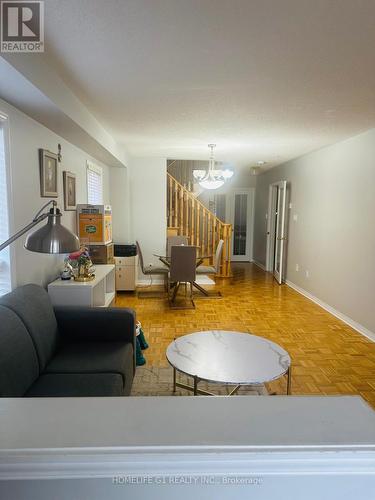 47 Madronna Gardens, Brampton, ON - Indoor Photo Showing Living Room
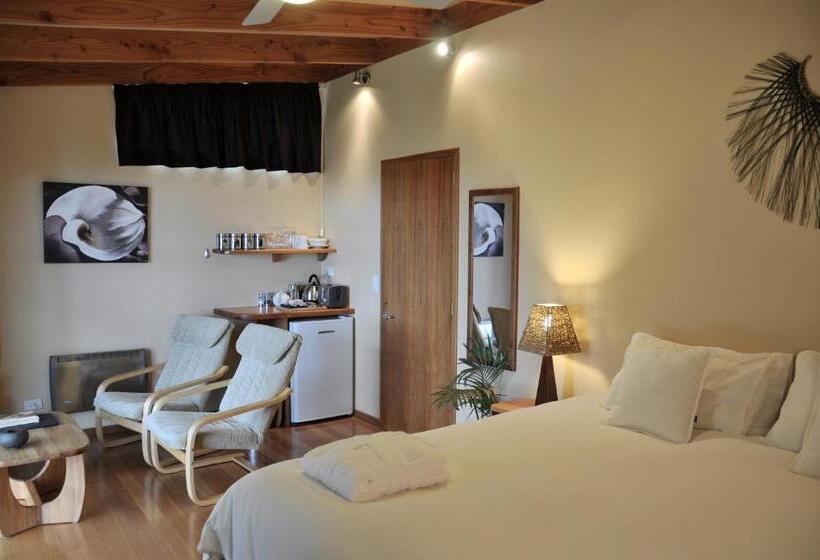 Студия Стандарт Вид на Море, Adrift In Golden Bay  Absolute Beachfront Villas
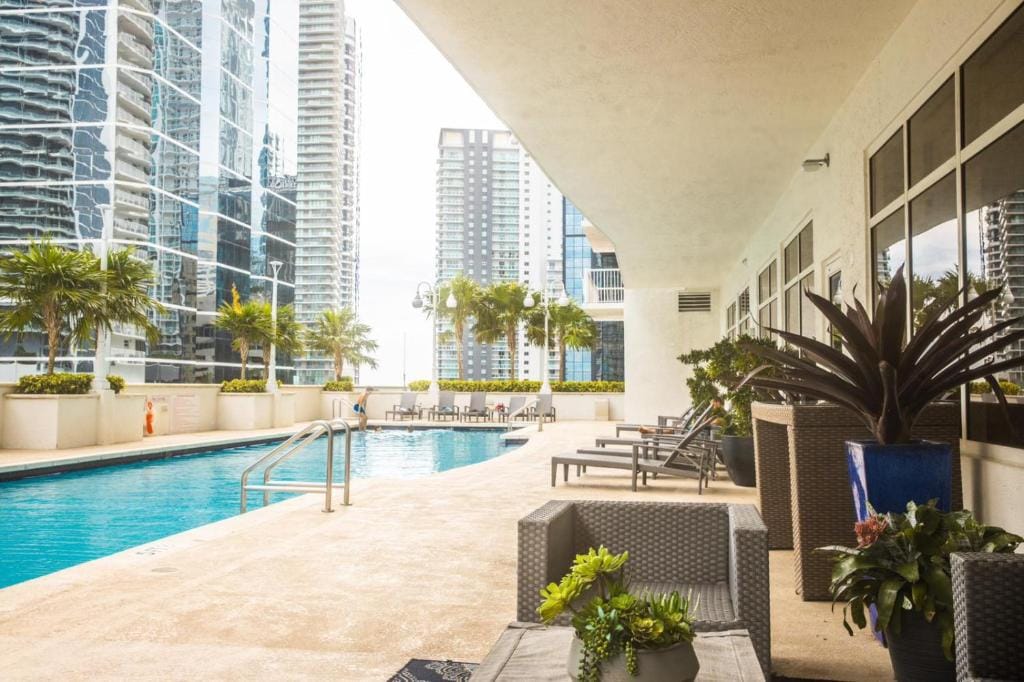 Modern and Luxurious Brickell Studio — 4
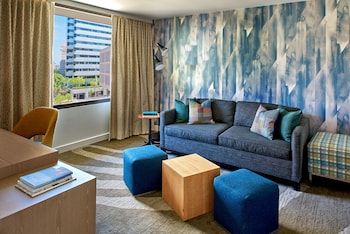 Suite (Zags)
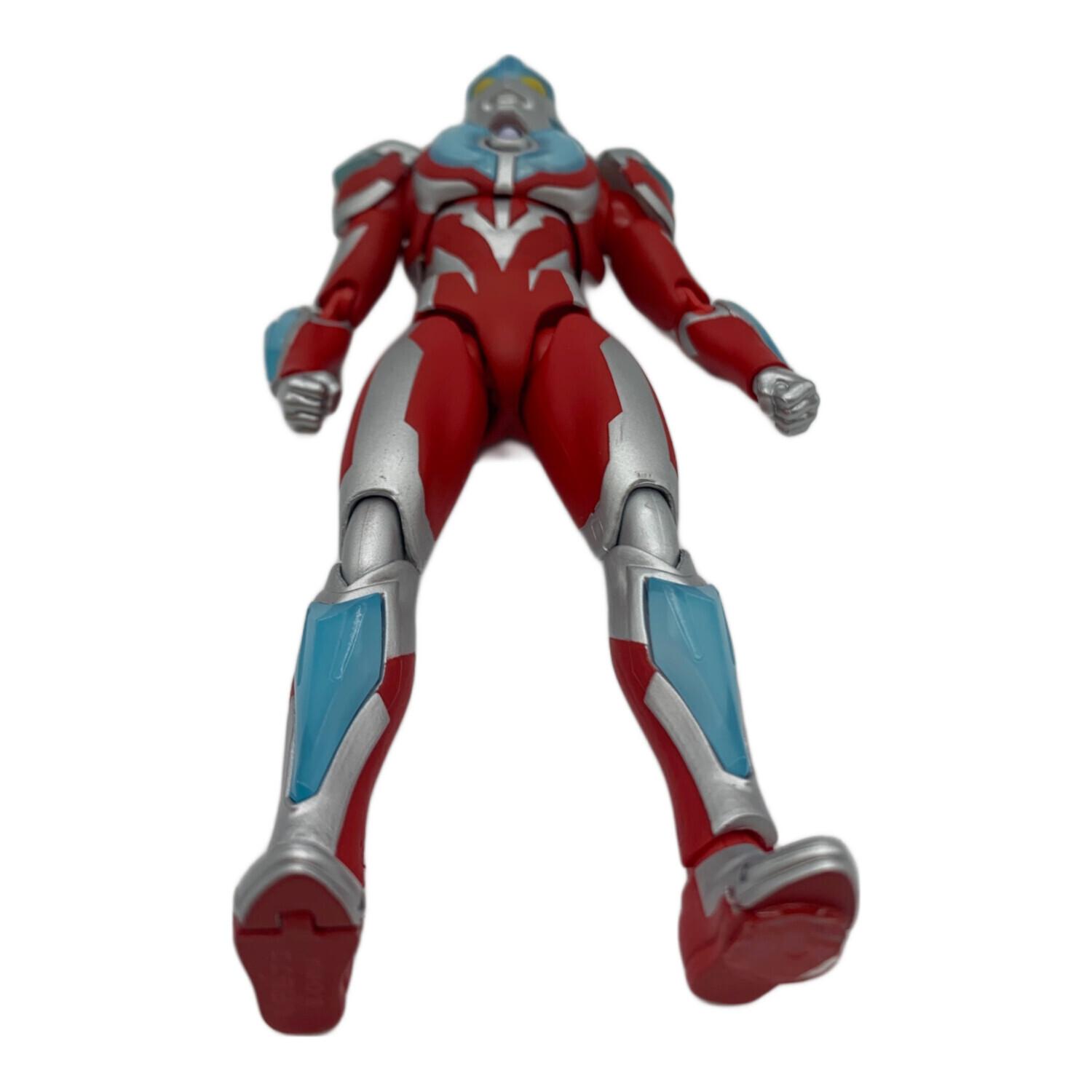 男の子おもちゃ ウルトラマンギンガ ULTRA-ACT｜トレファクONLINE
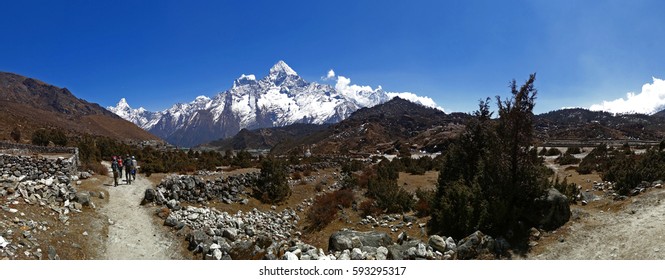 Mount Everest Trail - Khumjung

===============

How to complete this task
Write out the material exactly as it stands, omitting every picture.

The answer
 47 Madronna Gardens, Brampton, ON - Indoor Photo Showing Living Room
 Студия Стандарт Вид на Море, Adrift In Golden Bay  Absolute Beachfront Villas
 Modern and Luxurious Brickell Studio — 4
 Suite (Zags)
 男の子おもちゃ ウルトラマンギンガ ULTRA-ACT｜トレファクONLINE
 Mount Everest Trail - Khumjung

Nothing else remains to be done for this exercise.